As is understood from the fact that the prior art literatures refer to terms such as a mask layer, a reproduction window, an optical shutter, and an optical aperture, the conventional super-resolution reproducing method changes the optical properties of the super-resolution material in a fraction of a reproducing beam spot to reduce the effective beam diameter, thereby reproducing the microscopic marks or pits. One method of changing the optical properties of the super-resolution material in a fraction of a reproducing beam spot uses a phase-change material as the super-resolution material, in which a part of the phase-change material within a reproducing beam spot is melted.
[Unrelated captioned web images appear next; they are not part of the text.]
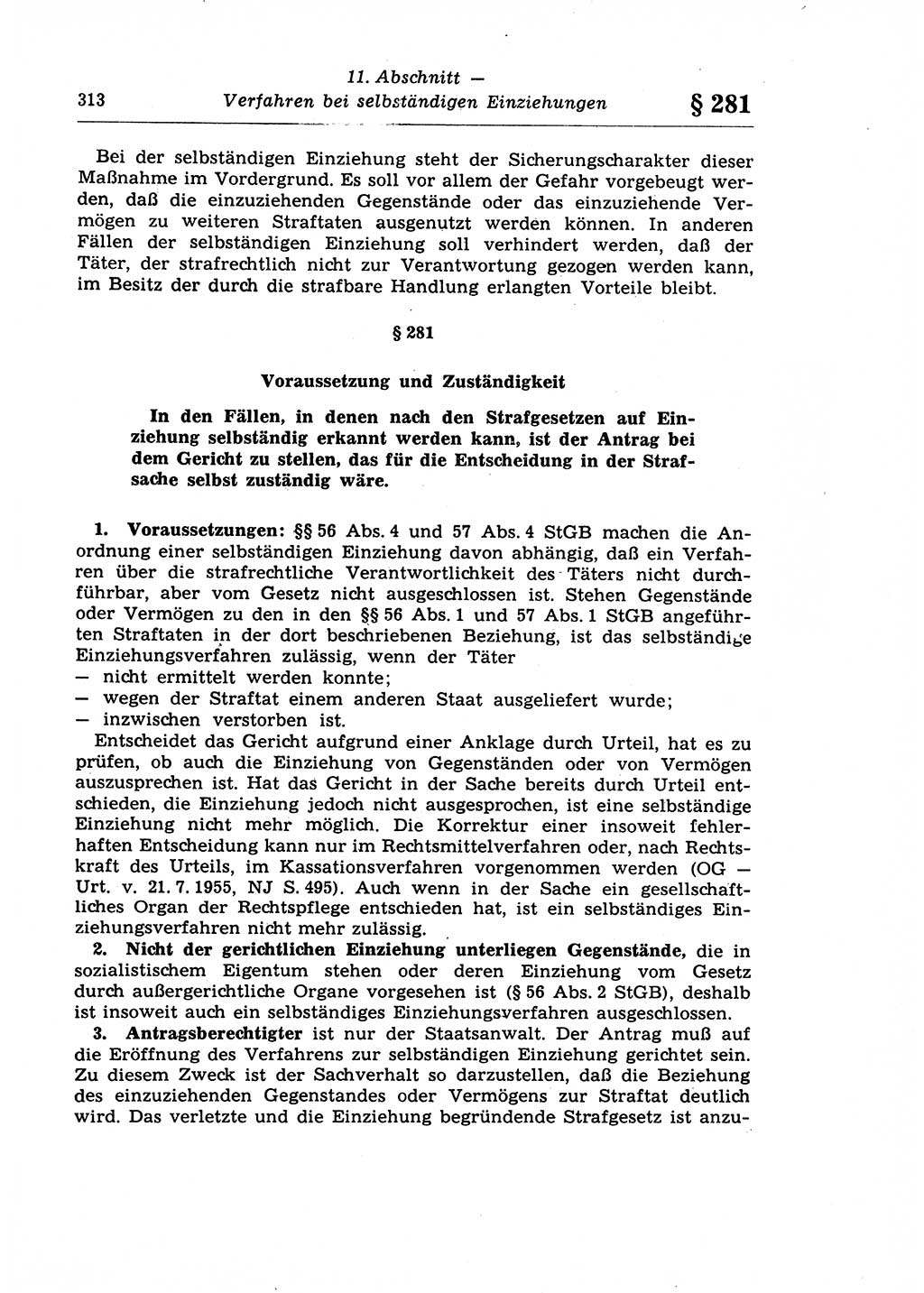 Strafprozeßrecht der DDR (Deutsche Demokratische Republik), Lehrkommentar zur Strafprozeßordnung (StPO) 1968, Seite 313 (Strafprozeßr. DDR Lehrkomm. StPO 19688, S. 313)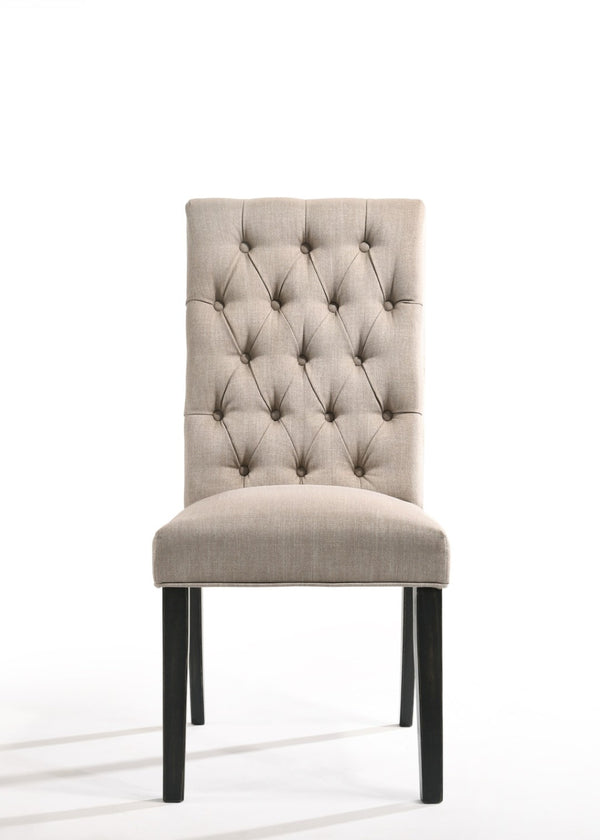HomeRoots Set of Two Elegant Tufted Tan and Black Linen Dining Chairs with Open Back for Versatile Style 573296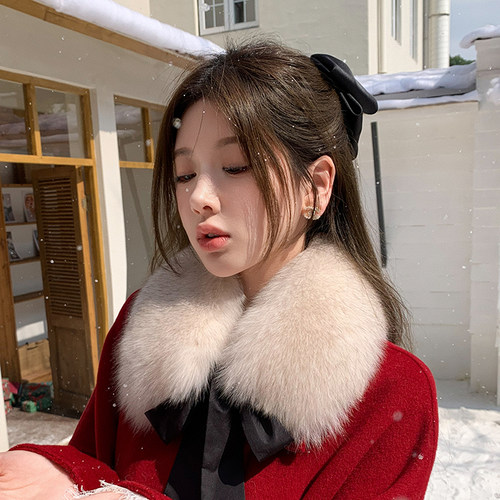 真皮草围巾狐狸毛领子可爱女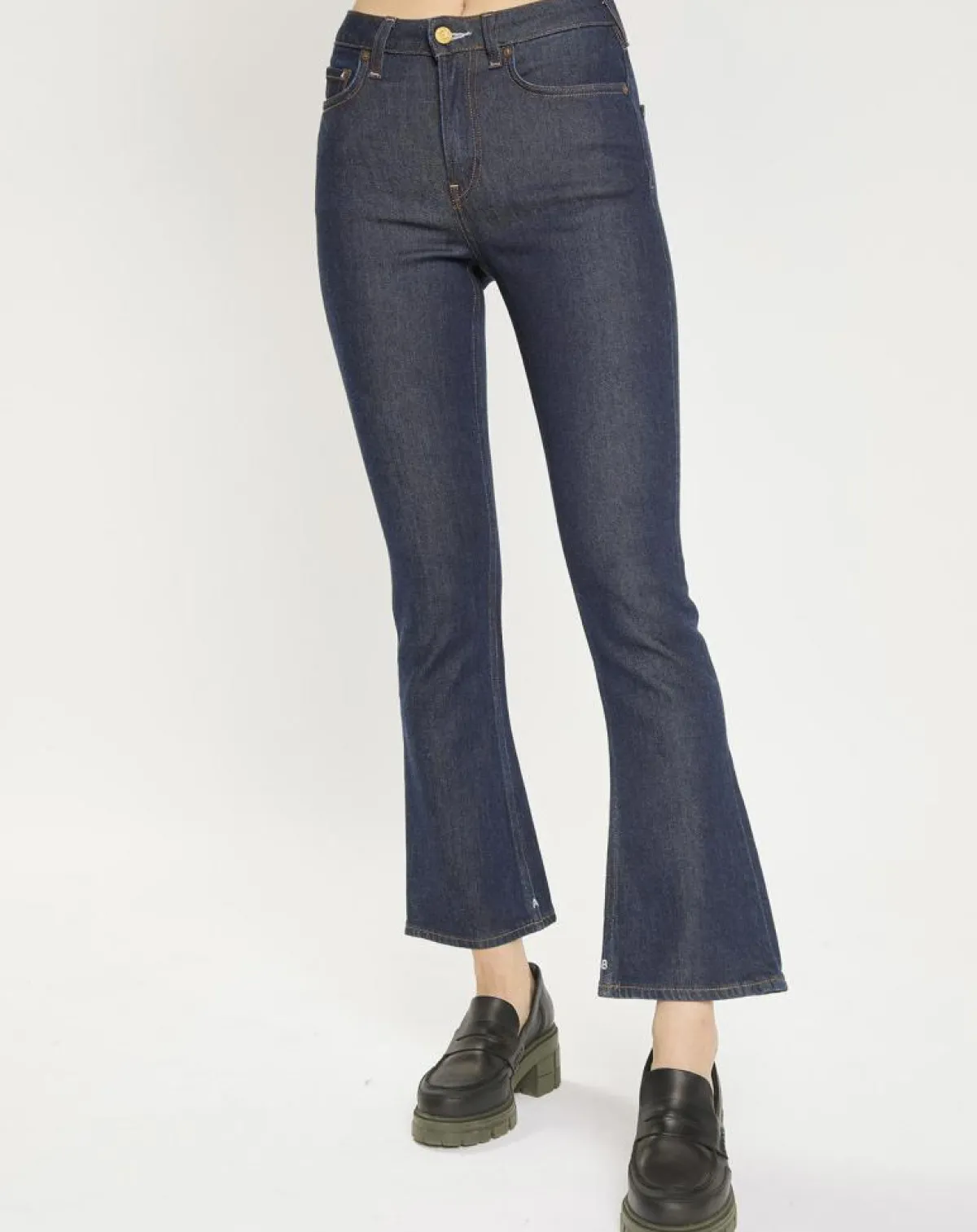 Scotch & Soda Jeans|Jean Taille haute Crop Boot bleu foncé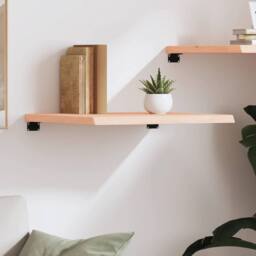 Berkfield Home Wall Shelf 60x60x(2-4) cm Untreated Solid Wood Oak in Light Tan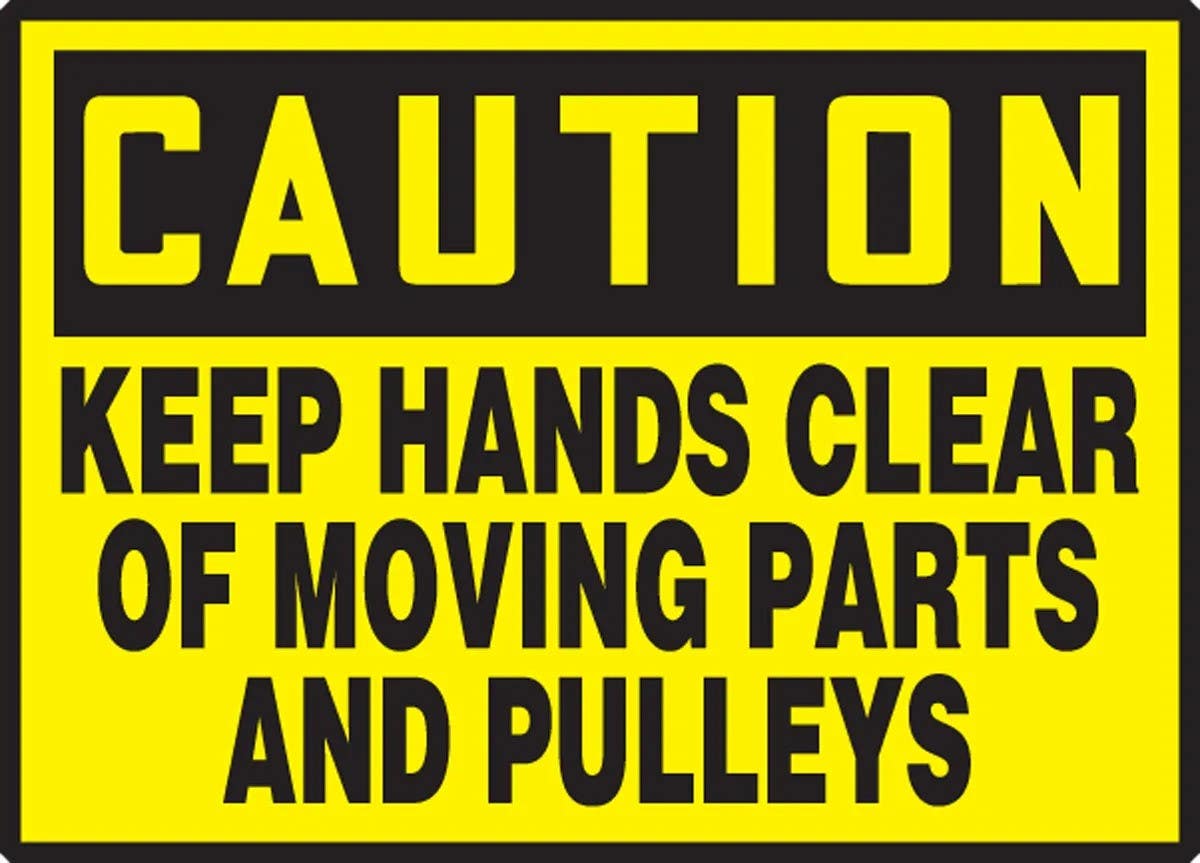 AccuformNMC LEQM623XVE OSHA Caution Safety Label, Keep Hands Clear Of Moving..., Adhesive Dura Vinyl, 3-1/2" H x 5" W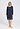 Front view of a women model wearing HA deep navy modal/viscose/tencel L/SLV Nightdress 100cm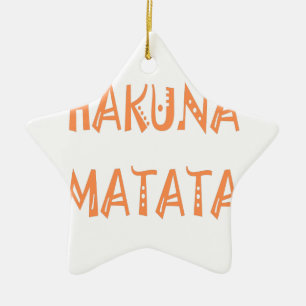 Hakuna Matata – African Tribal Text Art Ceramic Tree Decoration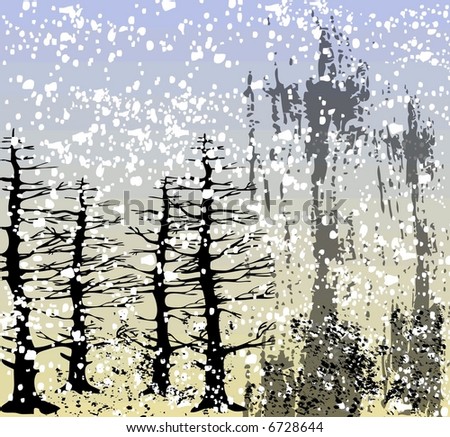 Snowy Landscape Illustration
The conventional super-resolution reproducing method is outlined hereafter with reference to FIG. 1. FIG. 1 is a cross-sectional view of an optical recording medium which contains a super-resolution material layer 101, a recording layer 102, a substrate 103, a recording mark or recording pit 104, an optical aperture 105 formed in the super-resolution material layer and a laser beam 106. Arrow 107 indicates the diameter of a beam spot and arrow 108 indicates the direction in which the laser beam is moved.
As shown in FIG. 1, in the conventional super-resolution reproducing method, an optical aperture is formed through a part of the super-resolution material within the beam spot diameter to reproduce a microscopic mark. The region within the beam spot diameter, except for the optical aperture, is shielded by the super-resolution material layer. The recording layer 102 is situated behind the super-resolution material layer 101 as seen from the light source 106. With the beam spot being blocked by the super-resolution material layer, the amount of light reaching the recording layer 102 is reduced, attenuating the intensity of the signals. When the recording mark or recording pit 104 is made smaller for higher recording densities, the optical aperture 105 accordingly must be smaller. Consequently, a fairly large part of the beam spot diameter is blocked by the super-resolution material, further attenuating the intensity of signals to the extent that the signals may not be detected.    [Patent Literature 1] Japanese Patent (JP-B) No. 3361079    [Patent Literature 2] Japanese Patent (JP-B) No. 3602589    [Patent Literature 3] Japanese Patent Application Laid-Open (JP-A) No. 08-306073    [Patent Literature 4] Japanese Patent Application Laid-Open (JP-A) No. 2000-229479    [Patent Literature 5] Japanese Patent Application Laid-Open (JP-A) No. 2003-157584.